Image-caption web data
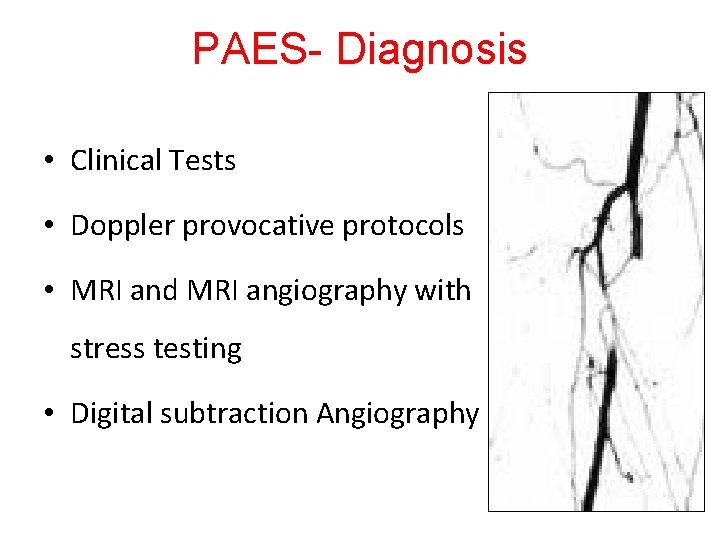 PAES- Diagnosis • Clinical Tests • Doppler provocative protocols • MRI and MRI angiography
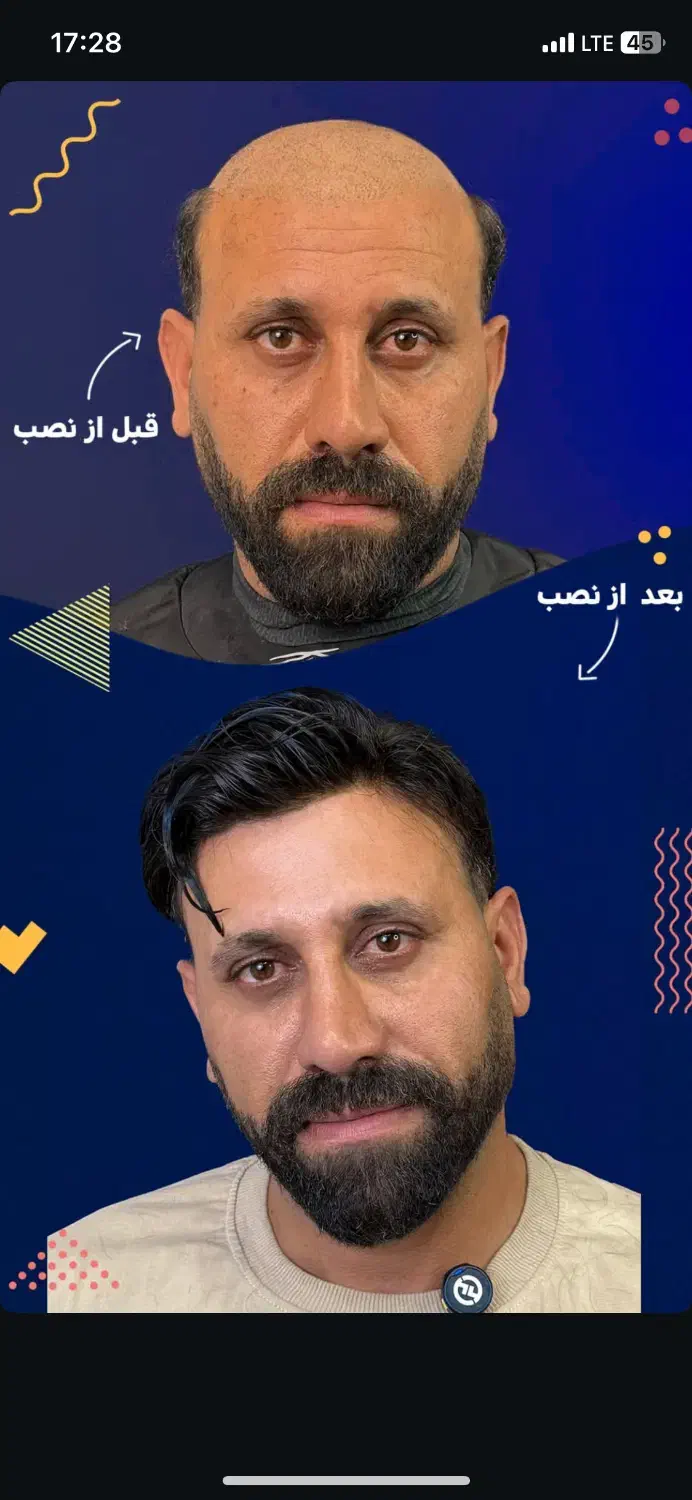 کاشت مو‌بدون جراحی  (پروتز مو‌بدون‌چسب)|خدمات آرایشگری و زیبایی|درگهان, |دیوار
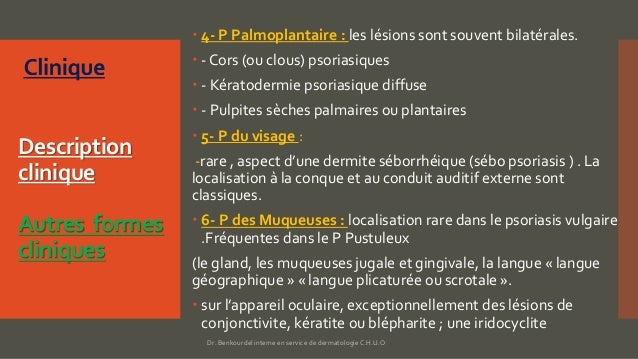 Le psoriasis par la lampe à quartz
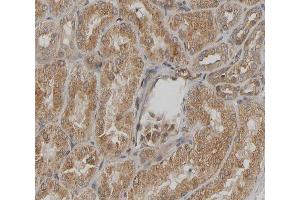 Immunohistochemistry (IHC) image for anti-Heat Shock 27kDa Protein 1 (HSPB1) (pSer15) antibody (ABIN6256149)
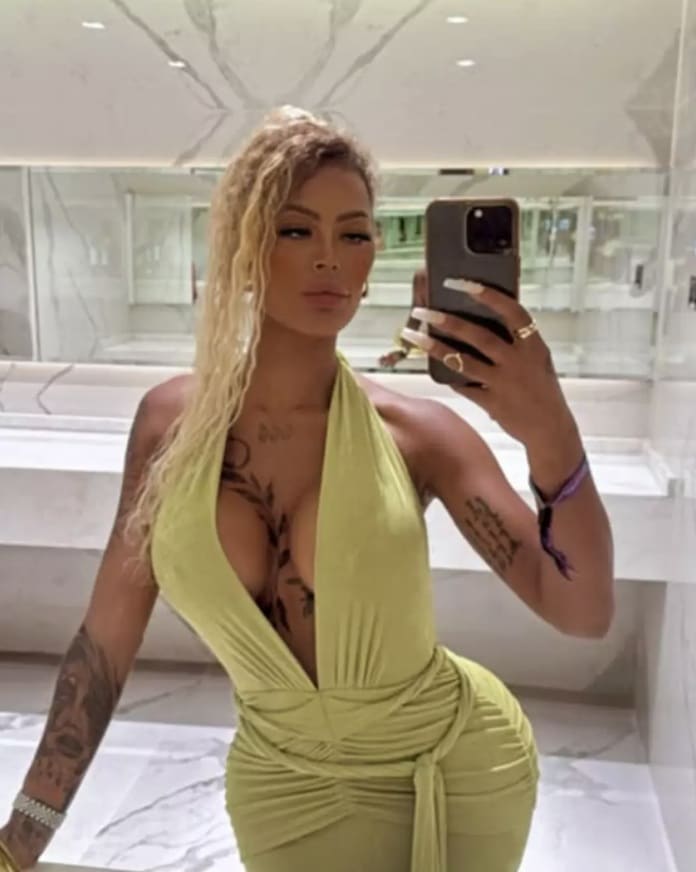 revistapazes.com - Influencer se v&ecirc; obrigada a gastar R$ 500 mil em cirurgia corretiva ap&oacute;s implante no bumbum se deslocar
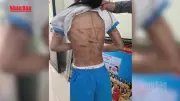 Bộ Y tế đề nghị lập đường dây nóng 24/7 xử nghiêm che giấu bạo hành trẻ em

Your task →
I need the lines from the one containing "Le psoriasis par la lampe à quartz" through the end of the records retyped exactly, with the pictures left out.

Response area →
 Le psoriasis par la lampe à quartz
 Immunohistochemistry (IHC) image for anti-Heat Shock 27kDa Protein 1 (HSPB1) (pSer15) antibody (ABIN6256149)
 revistapazes.com - Influencer se v&ecirc; obrigada a gastar R$ 500 mil em cirurgia corretiva ap&oacute;s implante no bumbum se deslocar
 Bộ Y tế đề nghị lập đường dây nóng 24/7 xử nghiêm che giấu bạo hành trẻ em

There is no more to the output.